К сожалению, Саския сочла затем своим долгом высказаться подробнее. Уже удовлетворенный, он не слушал и смотрел на нее так, как не смотрел много недель; когда же он подошел и заткнул ей рот поцелуем, это был не мимолетный полусонный поцелуй, которым он дарил жену все эти ночи, а поцелуй жестокий и почти болезненный.
— Я полагаю, что это награда за похвалу твоей картине? — усмехнулась она, отталкивая его.
— Вовсе нет. Я поцеловал тебя потому, что мне так захотелось.
— В самом деле? Уж не влияет ли на тебя это время дня. Если так, я обязательно снова приду. Нет, не пугайся — я только дразню тебя. Я пришла сказать тебе нечто важное — иначе я никогда не осмелилась бы ворваться сюда.
По оживленному виду Саскии Рембрандт заключил, что новости она принесла приятные.
— И что же ты хотела сказать?
— Во-первых, рубашка у тебя насквозь промокла: не выходи так — простудишься.
— Поменьше беспокойся обо мне. Ты сама…
— Во-вторых, у тебя на лбу краска.
— Знаю.
— А в третьих, я беременна.
— Беременна?
— Да. — Трепетная радость, прозвучавшая в этом «да», поборола и протест, зазвучавший в его голосе, и мелькнувший в глазах испуг, который он не успел скрыть. — Я прямо от доктора Бонуса. Он говорит, что сомнений быть не может.

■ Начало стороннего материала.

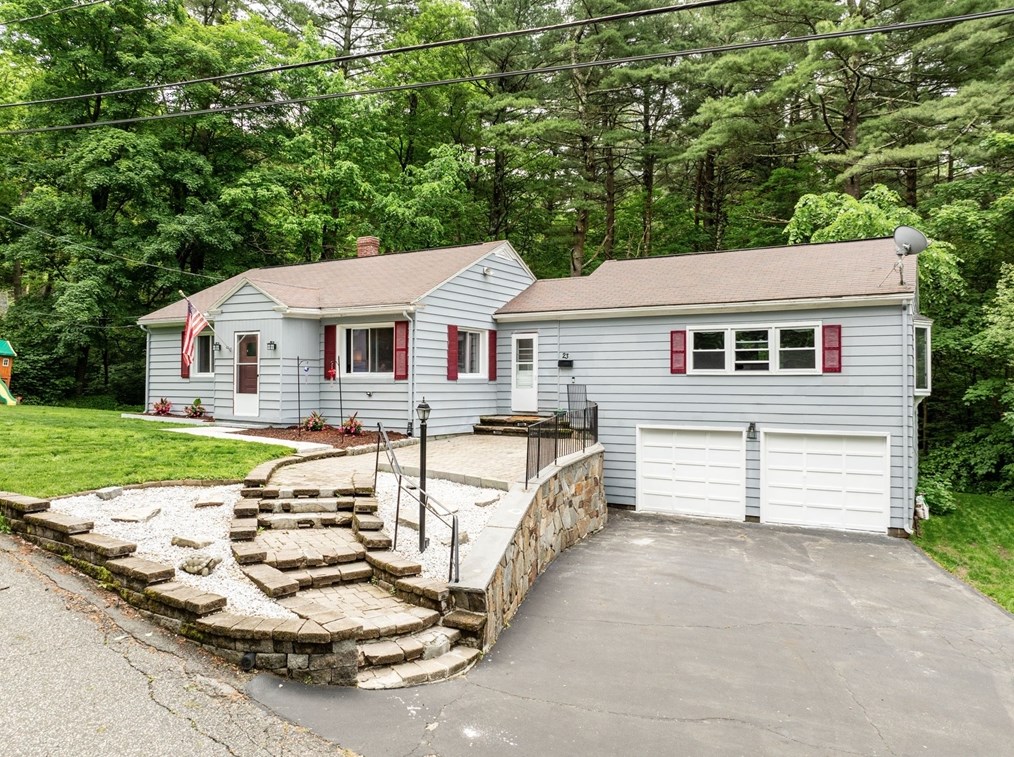 23 Reynolds Ave, Monson, MA 01057 exterior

Иисусе, да неужто она сошла с ума? Как она может этому радоваться? Неужели у нее не осталось воспоминаний о прошлом, неужели она не понимает, что ее ждет, неужели у нее вызывает улыбку мысль о том, что ее тело будет истерзано в четвертый раз только для того, чтобы плод был отдан могиле? Лицо Рембрандта застыло и стало похоже на безжизненную маску, он проклинал ее ребячество, а еще больше самого себя — им опять не повезло! Но даже сейчас, сознавая, что долгая пытка беременности может окончательно погубить его жену, он не удержался, глянул через плечо на картину, на это сверкание света и мощи, и невольно подумал, сколько времени отнимут у него страдания Саскии. Даже сейчас мысль его была не в силах оторваться от лучезарного полотна и сосредоточиться на мрачной и темной стороне мира.
— Ты, по-моему, не слишком обрадовался, — заметила Саския.
— Что ты! Я рад, очень рад.
И он подтвердил свои слова соответствующим жестом и выражением лица, точно таким же, как в первые годы супружества, когда у него были еще надежды: подражая былой нежности, он обвил рукой ее плечи и изобразил нечто вроде отдаленного подобия прежней улыбки.
— Нет, ты, конечно, встревожен, и я не могу на тебя за это сердиться. — Саския высвободилась из его объятий и посмотрела на свои маленькие ножки в бархатных башмаках, черневшие среди луж масла и пятен краски. — Но ведь вовсе не обязательно, что четвертый тоже умрет…
— Я об этом и не думаю.
— Неужели? Ты был бы дураком, если б не думал об этом. И все-таки ребенок может выжить… Бонус говорит, что он может родиться совершенно здоровым. Но если ты считаешь, что мне лучше держать все в секрете, я буду молчать. Пусть никто ни о чем не подозревает, пока это не станет заметно.